简体   繁体   English

SQL Server按列对查询

[英]SQL Server query by column pair

I'm working on products filter (faceted search) like Amazon. 我正在开发像亚马逊这样的产品过滤器(分面搜索)。 I have a table with properties (color, ram, screen) like this: 我有一个包含属性(颜色,ram,屏幕)的表,如下所示:

ArticleID  PropertyID  Value
---------  ----------  ------------
1          1           Black
1          2           8 GB
1          3           15"
2          1           White
2          2           8 GB
3          3           13"

I have to select articles depending on what properties are selected. 我必须根据选择的属性选择文章。 You can select multiple values for one property (for example RAM: 4 GB and 8 GB) and you can select multiple properties (for example RAM and screen size). 您可以为一个属性选择多个值(例如RAM:4 GB和8 GB),您可以选择多个属性(例如RAM和屏幕大小)。

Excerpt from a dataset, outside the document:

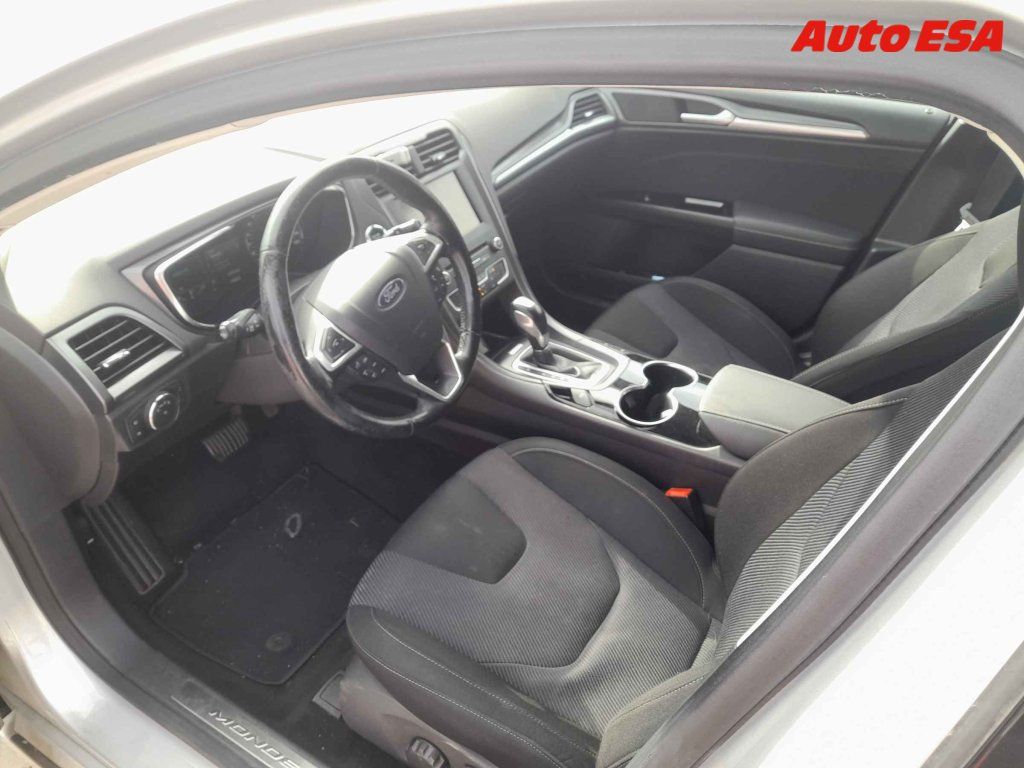 Ford Mondeo, 2.0TDCi - fotka 3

I need functionality like this: 我需要这样的功能:

SELECT ArticleID
FROM ArticlesProperties
WHERE (PropertyID = 2 AND Value IN ('4 GB', '8 GB'))
  AND (PropertyID = 3 AND Value IN ('13"'))

I used to do that by creating a dynamic query and then executing that query: 我曾经通过创建动态查询然后执行该查询来做到这一点:

SELECT ArticleID
FROM ArticlesProperties
WHERE PropertyID = 2 AND Value IN ('4 GB', '8 GB')

INTERSECT

SELECT ArticleID
FROM ArticlesProperties
WHERE PropertyID = 3 AND Value IN ('13"')

But I don't think it is good way, there must be some better solution. 但我不认为这是好方法,必须有一些更好的解决方案。 There are millions of properties in the table, so optimization is necessary. 表中有数百万个属性,因此需要进行优化。

A solution should work on SQL Server 2014 Standard Edition without some add-ons or search engines like solr etc. 解决方案应该适用于SQL Server 2014 Standard Edition,而不需要一些附加组件或搜索引擎,如solr等。

I am in a pickle so if someone has some idea or solution, I would really appreciate it. 我在泡菜中,所以如果有人有一些想法或解决方案,我会非常感激。 Thanks! 谢谢!

intersect is likely to work very well. intersect可能会很好。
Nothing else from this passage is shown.